FIN DE AÑO EN LA CIUDAD

   fin de año en la ciudad

Cuando faltaban dos días para fin de año, mi amigo Tony me invitó a tomar un rico vino a su casa. Eso no lo rechazo nunca, aunque llueva o truene. Vivo cerca de la estación, pero desde que me compré el Toyota, hace veinte años, no volví a viajar en subte.

   Sin embargo, esa tarde decidí prescindir de mi querido auto e ir bajo tierra. No sabía si quería pasar la noche del treinta y uno con Tony y su tía, o solo en casa.
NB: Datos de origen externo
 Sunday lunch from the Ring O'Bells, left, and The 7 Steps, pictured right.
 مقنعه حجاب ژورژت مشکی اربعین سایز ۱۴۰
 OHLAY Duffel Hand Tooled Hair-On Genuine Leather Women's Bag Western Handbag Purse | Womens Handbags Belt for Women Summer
   Camino a la estación pensé en comprar algo para no caer con las manos vacías. En Europa aprendí que eso es mala educación. Pasé por varios negocios pero no me decidí por ninguno. Ma sí, me dije, ¿acaso Tony es mi novia? Cuando venga a casa le doy un poco de vino o unas cervezas y listo. Me gusta más la cultura latina.

   Para llegar tenía que hacer diez estaciones. Hasta podía ser divertido. Me sentí un turista explorando el subsuelo de la ciudad.
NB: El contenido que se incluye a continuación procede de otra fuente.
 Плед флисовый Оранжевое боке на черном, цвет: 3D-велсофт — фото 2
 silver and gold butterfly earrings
   Las cosas no habían cambiado demasiado: gente apurada, el piso sucio, las paredes pintadas con graffitis (de un lado decía “Macri Gato”, del otro “K chorros”), y la cola para comprar el cospel. Ok, ahora se usa una tarjeta magnética, lo cierto es que había que hacer cola. De las tres ventanillas sólo una estaba abierta. Que la escalera mecánica no anduviera me pareció sólo un detalle. Hace diez años ni siquiera había.

   Llegué al andén y me puse a mirar cada una de las cosas, quería ver cada detalle, como un burgués con aires de excentricidad curioseando en el mundo de los pobres. Yo no soy rico, pero tener el Toyota me da cierto estatus. Al menos, eso dicen. Qué extraño, pensé, no hay ratas paseando por los rieles. Se lo voy a contar a mis amigos de Londres en el próximo e-mail.

   El subte no venía. Durante la espera, el andén se fue llenando de gente. Cuando las luces del convoy aparecieron, las personas se apilaron para entrar en primer lugar.

  Comenzaba a maldecir mi espíritu aventurero. Pero ya era tarde. Adentro, a los empujones, entre codazos, apoyadas, todo valía. Ley de la selva pura. Una vuelta genuina al estado de naturaleza.

   Las primeras tres estaciones las hice con los pies en el aire, sostenido por dos espaldas anónimas. Entre los pasajeros existía tolerancia a la incomodidad, como si fuera algo natural. Me di ánimo pensando en el vino que tomaría en lo de Tony.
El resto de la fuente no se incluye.